The leader must think that the coach is at least as smart as they are. Without that, the coach is fighting a losing battle. If the leader doesn’t respect the advice and guidance of the coach, they’ll cancel coaching appointments or just go through the motions, but their leadership skills won’t improve.
The coach’s role is to facilitate the learning and development process of the leader. But they can’t do that without the trust and respect of the leader. Without that, leadership coaching ends up being a waste of time and money.
Lack of Follow-up/Accountability
Another reason why leadership coaching may not be effective is the lack of proper follow-up and accountability. Many organizations invest time and resources in leadership coaching programs but do not have plans in place to ensure that new leadership skills are put into practice. Without follow-up and accountability, the leader may show short-term improvement, but they’ll eventually slip back into their old leadership habits.
One way to ensure follow-up and accountability is to establish clear goals and objectives for the coaching program. These goals and objectives should be aligned with the organization’s goals and objectives and should be specific, measurable, achievable, relevant, and time-bound. Having clear goals and objectives provides a way to track progress and measure results.
Another way to ensure follow-up and accountability is to have regular check-ins between the coach and the leader. These check-ins provide an opportunity for the coach to provide feedback and support and for the leader to report on their progress and any challenges they’re facing.
And involving the leader’s manager or key stakeholders in the coaching process can also ensure follow-up and accountability. Having the manager or key stakeholders involved in the coaching process ensures that they are aware of the leader’s development needs and progress. They can provide direction and feedback to help the leader focus on using their new leadership skills.
Without proper follow-up and accountability, the leader almost always reverts to old leadership habits, and then you’re right back where you started from – after you wasted all that time and money.
Leadership coaching can be a valuable tool for helping leaders develop and improve their skills and knowledge. However, it is important to recognize that leadership is a complex and multifaceted skill that requires a personalized and tailored approach.

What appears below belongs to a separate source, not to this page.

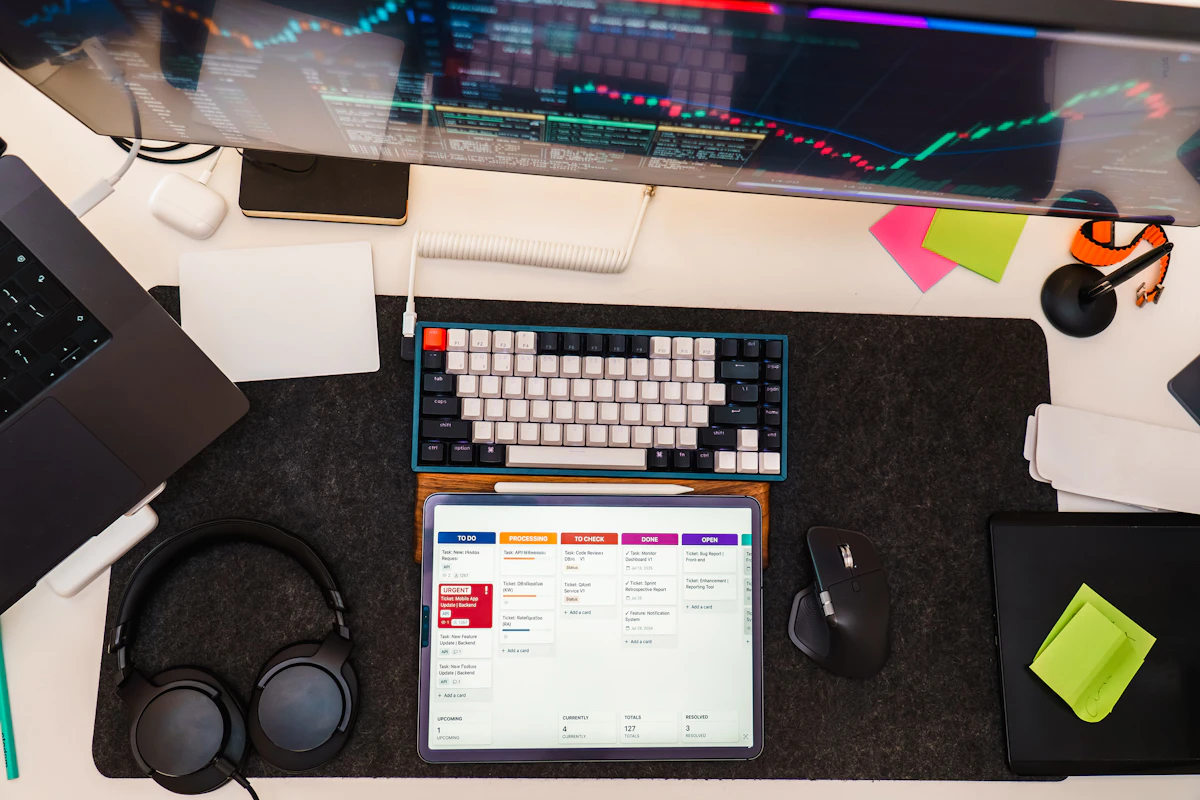 Meja kerja dengan monitor grafik data dan tablet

Additionally, organizations must also ensure that the coaching takes into account the larger context and culture of the organization and that appropriate follow-up and accountability mechanisms are in place.
Finally, it is crucial that both the organization and its leaders have the right mindset and attitude toward learning and development.
Leadership coaching can be effective, but it requires a well-designed and executed program tailored to the specific organization and leader that’s implemented and led by a qualified, experienced coach.